「私は志が低かった」松井秀喜が感じた大谷翔平との差 驚いた“規格外”のプロ意識
大谷は「ハンサム」「どこのユニホームでも似合う。僕の場合は限られている」
松井氏の目標、夢はチームの一員としてワールドシリーズ制覇すること。それを達成することでもすごいことだが、大谷の場合は、個人の目標においても、細かく設定している。松井氏は「首位打者を獲りたいとか個人的なものはなかったのかもしれない」と“武器”でもある思考の変化という点で、大谷と自分自身を比較してみると、そこに差があったと感じているようだ。

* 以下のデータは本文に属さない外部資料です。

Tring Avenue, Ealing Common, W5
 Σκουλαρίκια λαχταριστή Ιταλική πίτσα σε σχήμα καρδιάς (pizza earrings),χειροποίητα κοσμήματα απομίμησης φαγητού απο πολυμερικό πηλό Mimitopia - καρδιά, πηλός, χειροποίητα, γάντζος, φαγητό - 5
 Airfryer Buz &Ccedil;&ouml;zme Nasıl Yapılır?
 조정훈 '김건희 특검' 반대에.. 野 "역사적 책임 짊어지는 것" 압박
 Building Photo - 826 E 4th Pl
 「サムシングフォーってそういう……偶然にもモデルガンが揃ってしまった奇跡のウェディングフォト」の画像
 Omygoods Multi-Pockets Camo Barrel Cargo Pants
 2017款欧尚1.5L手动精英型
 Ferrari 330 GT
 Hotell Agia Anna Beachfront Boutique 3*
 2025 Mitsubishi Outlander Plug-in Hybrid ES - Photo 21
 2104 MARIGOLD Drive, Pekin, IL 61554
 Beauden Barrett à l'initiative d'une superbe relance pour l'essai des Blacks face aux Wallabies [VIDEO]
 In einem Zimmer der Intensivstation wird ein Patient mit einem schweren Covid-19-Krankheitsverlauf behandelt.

今年は夏頃に大谷の周辺で移籍報道が過熱すると見られる。メジャーでFAを経験し、4球団でプレーした松井氏は「大谷選手はハンサムですから。どんなユニホームでも似合う。僕の場合はかなり限られていたので」と笑う。松井氏は2010年にエンゼルス、2011年にアスレチックス、そして最後はレイズと移籍したが、プレーヤーとして全盛期の移籍ではなかったため、好条件は望めなかった。それでも最後までファンに本塁打を打って勝利する姿を見せるために戦い抜いた。
大谷の場合、ある程度の要望は契約する球団には受けてくれるだろう。講演後、報道陣の取材に応じた松井氏は「二刀流を見ていたいか?」という問いに「あくまで個人的な意見」と前置きした上でこのように述べた。
「(投打を続けていくことは)彼の気持ち次第だと思います。続けたいとなれば、ほとんどのチームはOKすると思います。見る側としては(二刀流は)夢がありますが、いい野球人生を送ることが一番大切なのではないかなと思います」
大谷との“思考の差”は確かにあった。だが、それは選手個人の“幸福”のとらえ方による。松井氏の「いい野球人生を送ること」と話したその言葉に集約されるのではないだろうか。松井氏の人生、大谷の人生……進んでいく歩幅も時代背景も、夢だって違う。思考の違い、つまり『歩む』と決めた道こそが、それぞれの強い“武器”となる。